Essa troca de experiências tem sido muito produtiva. Um exemplo recente foi a parceria com a Cité Nationale de l’histoire de l’immigration da França por ocasião do ano da França no Brasil. Mostramos no Memorial, uma versão da exposição Réperes que é a exposição permanente da Cité. Foi muito interessante porque se estabeleceu uma oportunidade de comparar as linguagens distintas utilizadas nos 2 museus. A Cité na França, país de imigração como o Brasil, utiliza em suas exposições, obras de arte de artistas imigrantes ou que tenham a imigração como tema. Embora tenhamos organizado exposições de arte no Memorial, essa mostra vinda da França, reforça nosso propósito de estimular artistas no Brasil, a utilizarem a linguagem artística, como expressão dos valores culturais dos imigrantes.

4. Ampliar o objeto de estudo do Memorial do Imigrante para além do século XIX, época das migrações massivas, incorporando o fenômeno das migrações contemporâneas ao foco da instituição;

          Realizamos anualmente a festa do Imigrante ocasião em que imigrantes e descendentes de segunda e terceiras gerações, de várias nacionalidades, se encontram numa festa com comidas típicas, dança e musica.
          Redirecionamos o Setor de Memória Oral, no sentido de colher depoimentos de latino-americanos, coreanos e refugiados, que hoje emigram para o Brasil.
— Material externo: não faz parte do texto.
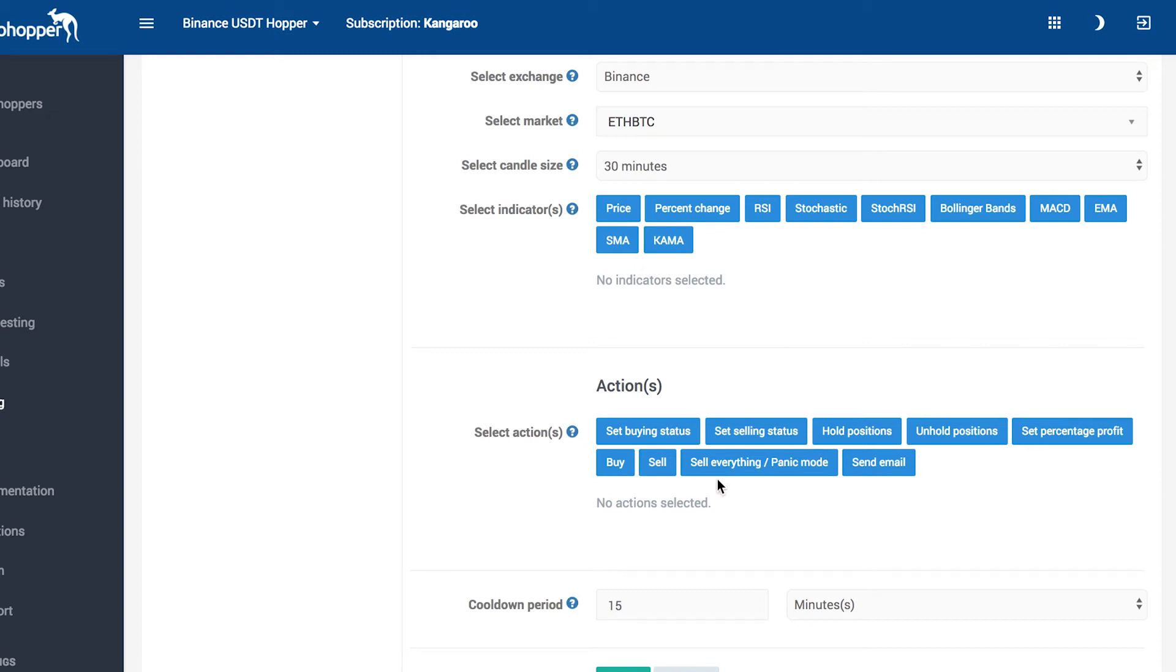Other actions your trigger can initiate are enable or disable buying and selling, hold or unhold positions, set a percentage profit, buy or sell, and initiate the panic button.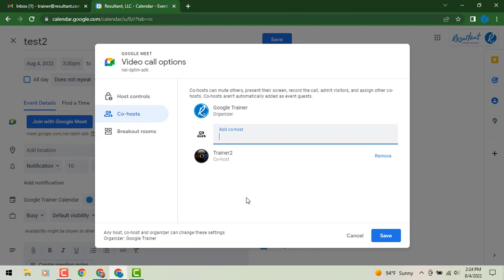So that is how you can set up host controls and assign co-hosts ahead of your meeting in Google Calendar.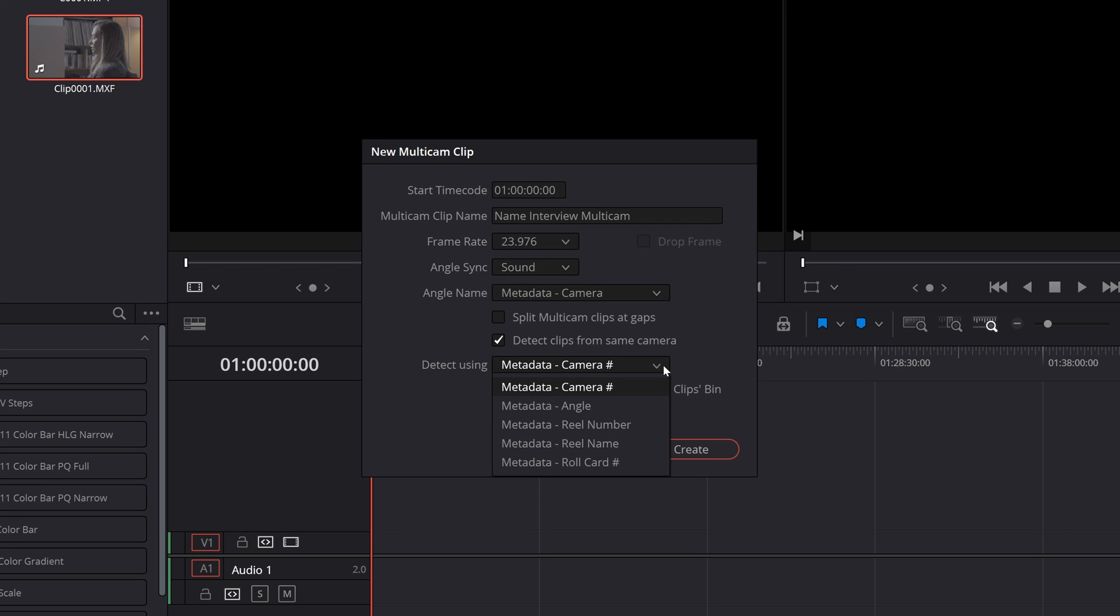Detect using has several methods in which it will go about analyzing those clips from the same camera to perform that function. If any of those options make sense to you and the footage you're working with go ahead and select it and if it works great and if it doesn't like I said don't worry we will cover the workaround shortly.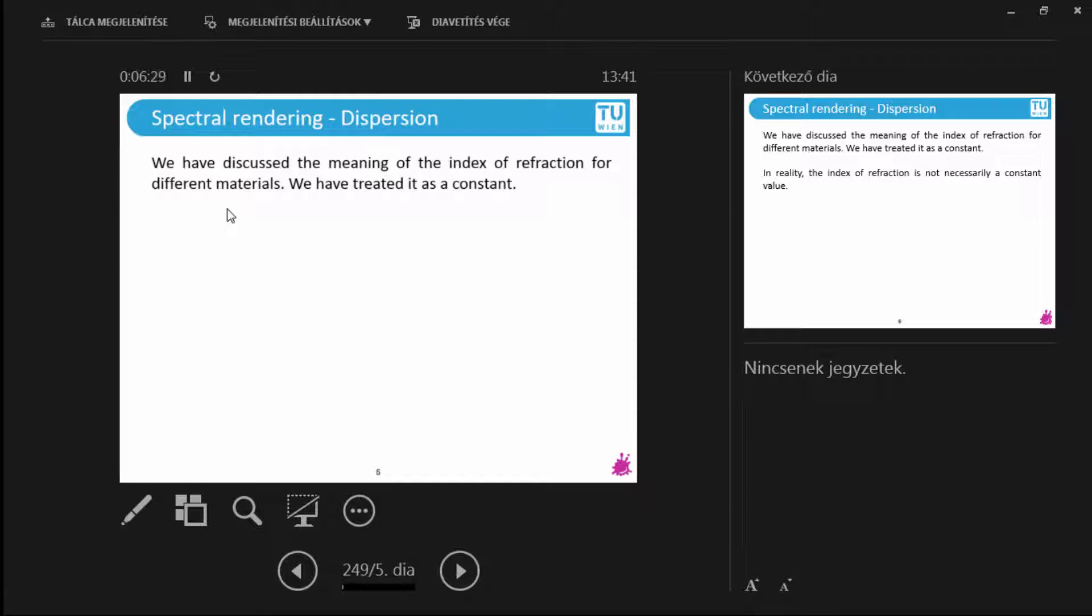Now, before we start with the state-of-the-art part, there's a few things that we need to discuss. One, dispersion. So we have talked about indices of refraction. The index of refraction for different materials, what was it? It was a number.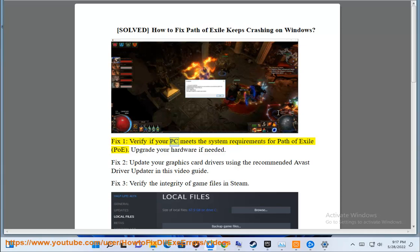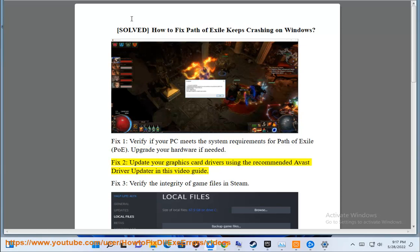Fix 1: Verify if your PC meets the system requirements for Path of Exile. Upgrade your hardware if needed.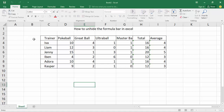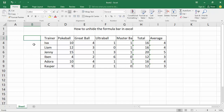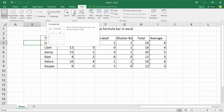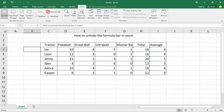Click any cell and go to the View tab. Now tick mark the formula bar check mark. This is okay.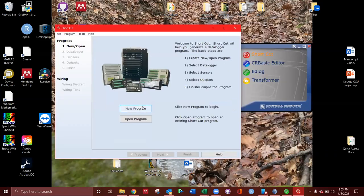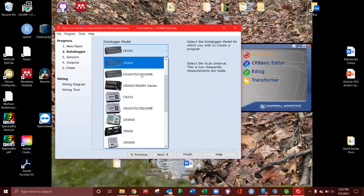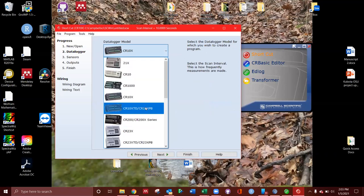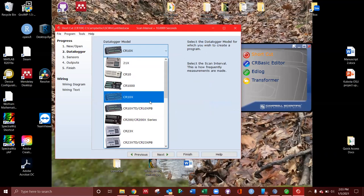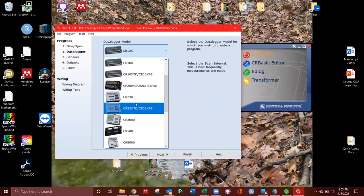Go ahead and select New. I'm going to pick the Datalogger model. CR10 and CR10X use the same language. There's just some slight differences in what you can do. You can do more with the CR10X. So I'm going to go ahead and pick that since that's what I'm programming for.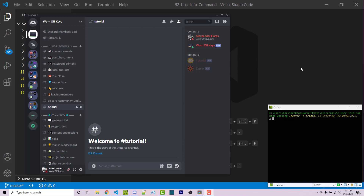Hello everyone, Alex here from wornoffkeys.com. In this video I'm going to show you how you can create a basic user information command that will allow you to tag a user or specify yourself and it'll tell you some information about the user. This is a useful command to know because we are going to be taking a look through the documentation, and it's going to give you an example of how you can find useful information within the documentation for your own use cases.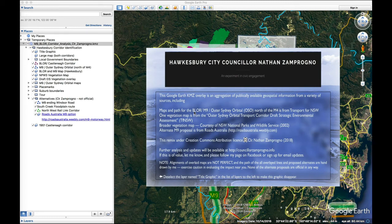This is a tour of the Google Earth overlay that I've created for people to visualise the northern extent of the Belge Line of Road corridor and the M9 corridor.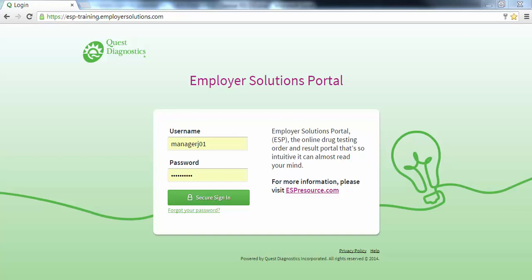Welcome to the Employer Solutions Portal online tutorial. In this tutorial we will be reviewing how to enter an instant test result performed by you or someone in your organization. During the tutorial I will refer to the Employer Solutions Portal as ESP.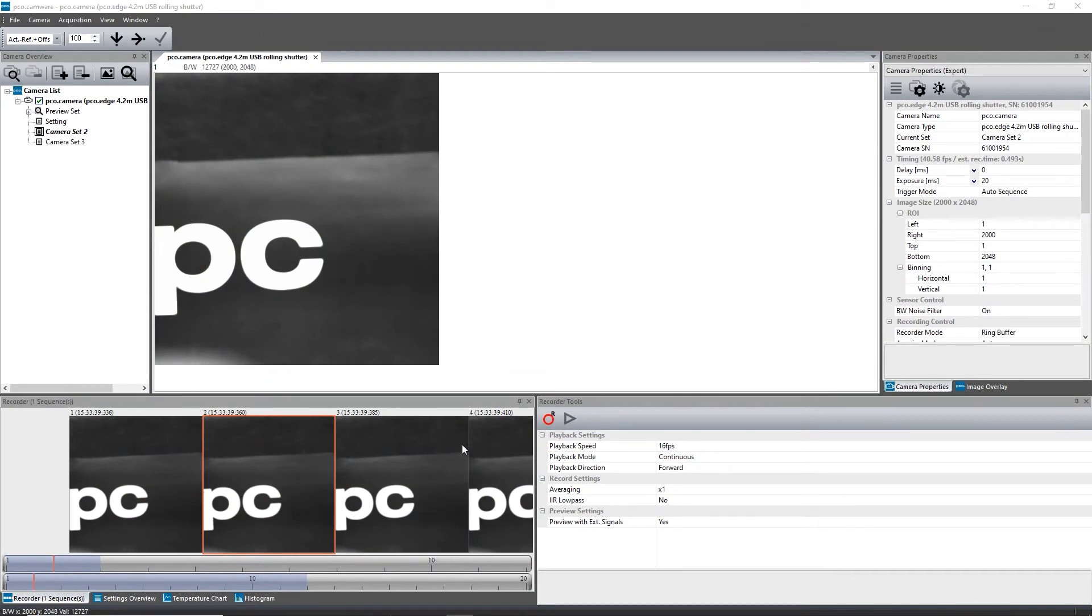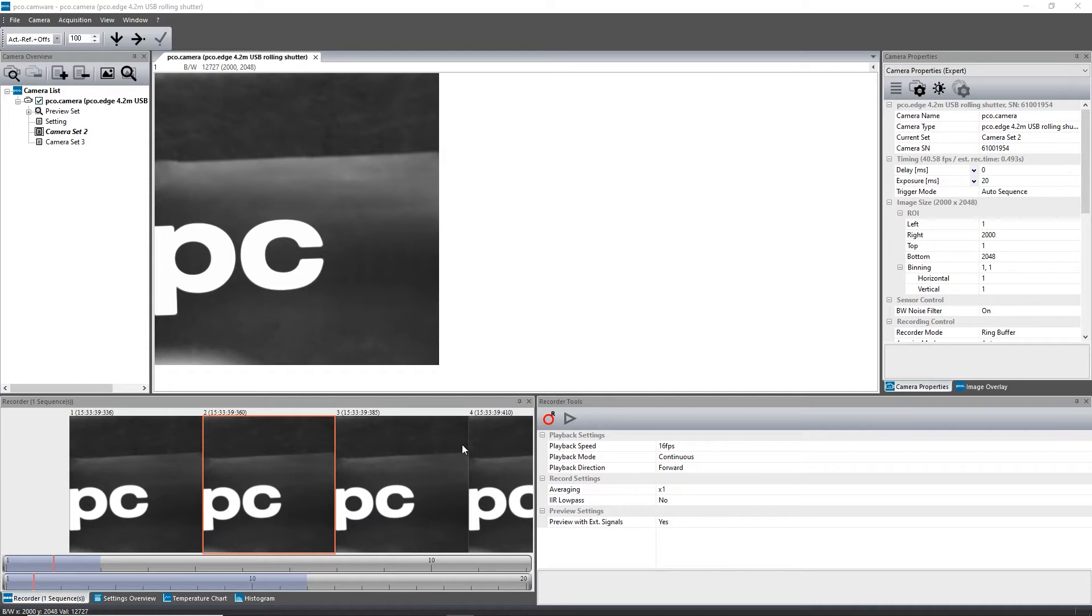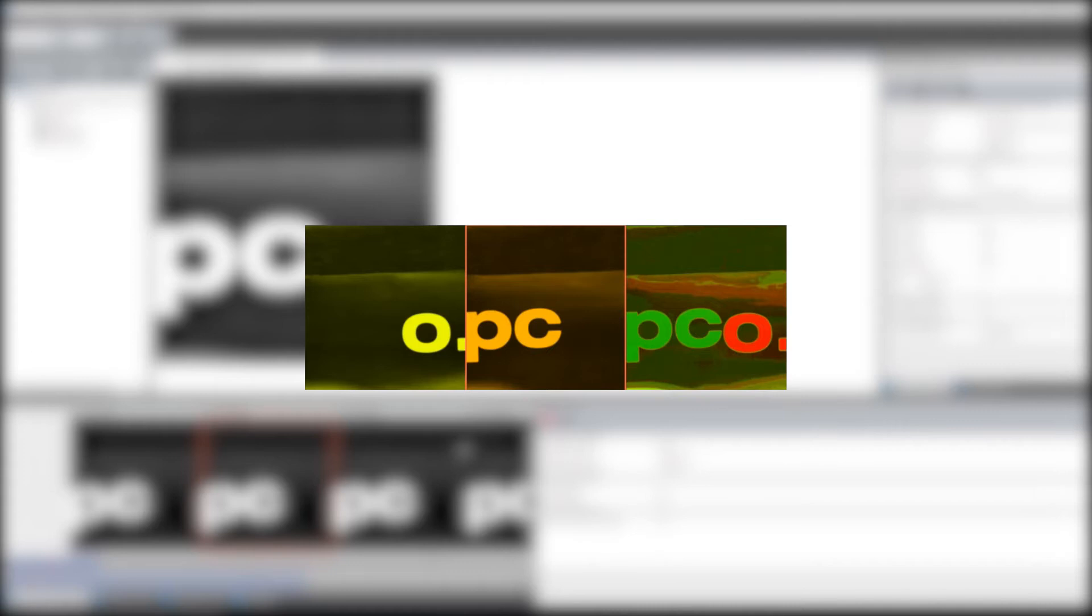For fluorescence microscopy applications, in addition to other specialized multi-channel setups, CAMWARE from Preseo offers the ability to overlay images taken under different illumination conditions and to separate these images by color. Be aware that this mode is only available with a monochrome camera.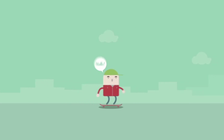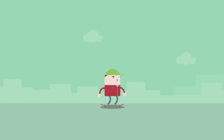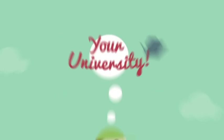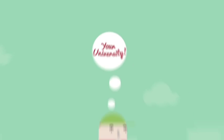This is Max. Max is thinking about which university to go to. We think he should go to your university.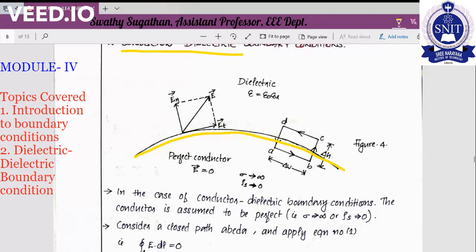Inside a perfect conductor the electric field is zero. For example, consider a car. The car is a metal body, and metal is a perfect conductor. If we have a car and there is a lightning effect, the reason the car is safe is that it is a metal body, and inside that conducting body the electric field is zero. That is the concept.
Com os mesmos critérios estamos coletando fotos e objetos para o acervo.
          Essas novas relações provocaram a revisão da missão e da visão do museu, impondo a reformulação de suas praticas.

MISSÃO
Promover a busca das identidades individuais e coletivas, constituindo-se em espaço de expressão e reconhecimento da diversidade brasileira por meio do resgate, da preservação e da disseminação da história e da memória das migrações no Brasil.
VISÃO
Consolidar a posição de referência nacional e internacional como museu e principal centro de informação sobre movimentos migratórios no Brasil.
Este ano o acervo documental do Memorial do Imigrante foi classificado como Memória do Mundo pela UNESCO. Também este ano uma lei do Presidente Lula anistiou todos os imigrantes no Brasil. Serão legalizados todos que quiserem.
Em 2011 o prédio passará por obras de restauração e requalificação museológica e museográfica. O Memorial está instalado no prédio da antiga Hospedaria dos Imigrantes. Inaugurado em 1887, o prédio foi classificado como Patrimônio cultural em 1994.
Durante o ano de 2010 o museu estará fechado ao público. Trabalharemos internamente e a programação (exposições, workshops, festas e serviço educativo) será desenvolvida extra muros.



          Não há neutralidade na atividade museologica. Ações museologicas pressupõem escolhas e neste sentido os museus podem ser instrumentos de conscientização ou instrumentos de alienação. Aos museus compete colecionar, salvaguardar e divulgar as informações históricas contidas em seu acervo histórico-cultural. Fazê-las conhecidas pela sociedade é fundamental para reduzir as dificuldades das relações entre os povos.
 A história da humanidade é a história das migrações humanas. O fenômeno das migrações continua sendo uma história da sobrevivência no planeta e da dinâmica da construção das identidades. A criação política dos estados nacionais não poderá camuflar a condição da origem migrante de todos e de cada um de nós. O museu é um espaço político e nele o passado, como protagonista do futuro, atua como força transformadora. Trabalharemos juntos rompendo as fronteiras artificiais do isolamento.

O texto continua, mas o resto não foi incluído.